Что еще более важно, я была полностью занята. Свободные часы между школой и сном были мне ненавистны; я никогда не могла погрузиться в чтение книги, и общение редко отвлекало меня от сознания потери папы и Хайнца. Время от времени, помнится, я получала удовольствие от посещения бара в нынешнем районе Красных фонарей в Амстердаме; там я наблюдала за тем, как американские моряки учили местных девушек танцевать свинг и джайв. Это было нечто особенное!
Еще один случай развеселил меня. Мама пригласила израильского солдата из еврейской бригады домой на пятничный ужин, но молодой человек не пришелся ей по вкусу, так как грубо положил ноги на журнальный столик и спросил, что же подадут из еды. Это разрушило мамины надежды на будущего зятя; но был еще один юноша, который, по ее мнению, мог бы соответствовать требованиям.
Хенк был сыном знакомой семьи из синагоги, и его очаровательная улыбка и веселый нрав покорили меня. Хенк пригласил меня на несколько свиданий, и наши отношения переросли в нечто более серьезное.

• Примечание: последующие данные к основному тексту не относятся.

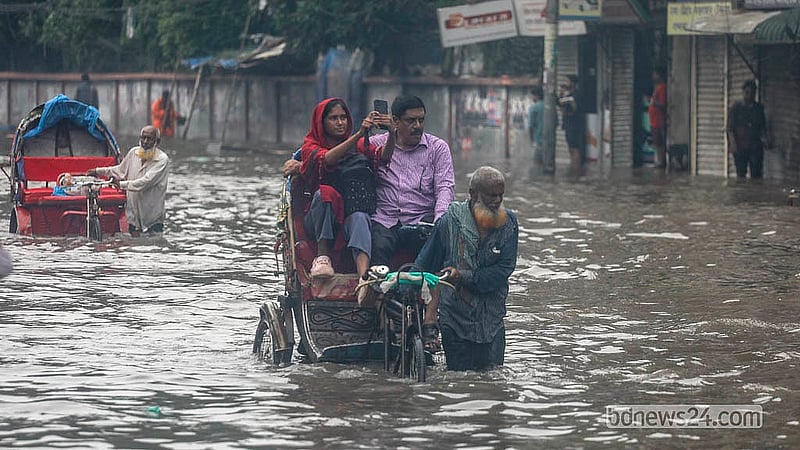 Waist-deep floodwater engulfs the Arambagh road after hours of relentless rain on Sunday, Jul 12, 2026.  Photo: Abdullah Al Momin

Однако, как мне ни нравилось проводить время с Хенком, это удовольствие длилось только до того момента, как я поднимала взгляд и ожидала увидеть выходящего из-за угла папу или вспоминала какой-нибудь разговор с моим братом. Мысли об этом были непереносимыми, и поэтому я предпочитала заполнять свои дни изнурительными, трудоемкими занятиями.
После окончания лицея я пошла работать в студию на полный рабочий день. Мне нравились мои коллеги, особенно мой кокетливый босс Яп, который сажал меня на колено, чтобы продемонстрировать фотографические приемы, и катал на своем мотоцикле. Но этого все равно было недостаточно. Я оставалась угрюмой и плохо вела себя с мамой, и на фотографии, где я сижу у канала в обеденный перерыв, у меня совершенно несчастный вид. Амстердам, казалось, душил меня воспоминаниями: чтобы оставить прошлое позади и строить новое будущее, нужно было предпринять что-то более радикальное.
Отто и мама понимали это. Отто поспрашивал и нашел другую студию, где я могла бы работать в течение года. Речь шла о городе, который я уже немного знала – настолько огромном, разросшемся и безликом, что прежняя Ева Герингер могла заблудиться там, и я попробовала начать двигаться дальше. По направлению к Лондону.